Making a large file using the terminal

Creating an infinite number of words, guaranteed unique

The script below will generate guaranteed unique words from characters from the alphabet. The issue with any fixed length of characters is that it will produce a limited set of possibilities, limiting the size of your file.

I therefore used python's permutations, which produces a (finite) number of unique words. However After using all the combinations, we simply start over, printing the words 2, then 3, four, n times etc., every value for n will create a new unique word.
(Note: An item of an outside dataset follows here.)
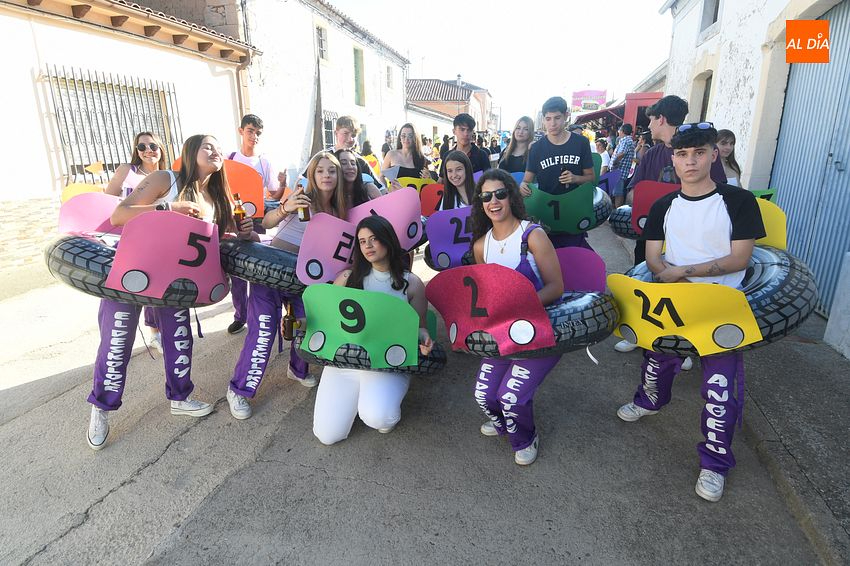 Imaginación y colorido en el recorrido de peñas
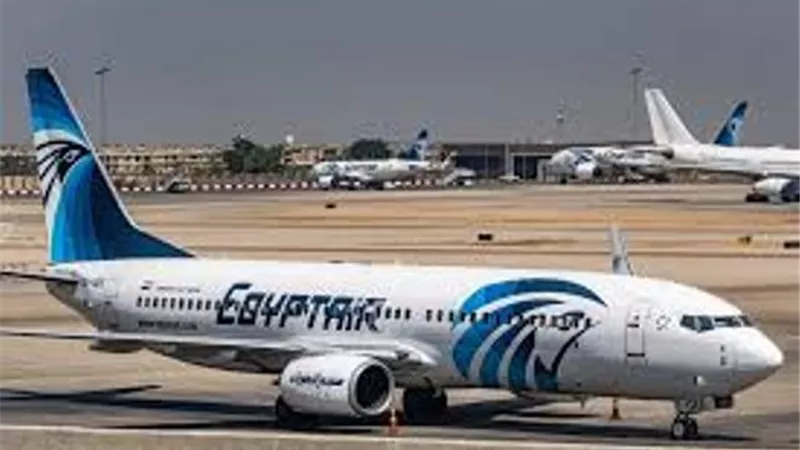 مصر للطيران تلغي رحلاتها المتجهة من والي هيثرو لإنقطاع الكهرباء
Thus we have a generator to produce 100% certainly unique words.

The script:

import itertools
import string

ab = [c for c in string.ascii_lowercase]

t = 1
while True:   
    for n in range(1, len(ab)+1): 
        words = itertools.permutations(ab, n)
        for word in words:
            print(t*("".join(word)))
    t += 1

How to use

  • Simply copy the script into an empty file, save it as unique_generator.py
  • Run it by the command:

    python3 /path/to/unique_generator.py > /path/to/bigfile.txt
    

Note

The script produces unique words of various lenght. If you want, start- or max length can be set, by changing the lines:

for n in range(1, len(ab)+1)

(replace the start of the range), and changing:

while True:  

into (for example):

while t < 10:   

In the last case, the length of the words is max 10 times the alphabet.

Ending the process

  • When running it from terminal, simply press Ctrl+C
  • Otherwise:

    kill $(pgrep -f /path/to/unique_generator.py)
    

    should do the job.


To get a large file full on random words use the following command:

cat /dev/urandom | head -c 1000000 | tr -dc "A-Za-z0-9\n" | sort | uniq

This will create a file with a unqiue word on each line and strings of random text. You can increase the size of the file by make 1000 larger or smaller. Each count is equal to roughly one byte.

To make the words space seperated, simply pass them back through tr "\n" " ".

cat /dev/urandom | head -c 1000000 | tr -dc "A-Za-z0-9\n" | sort | uniq | tr "\n" " "

This also avoids the performance problems associated with loops on the shell.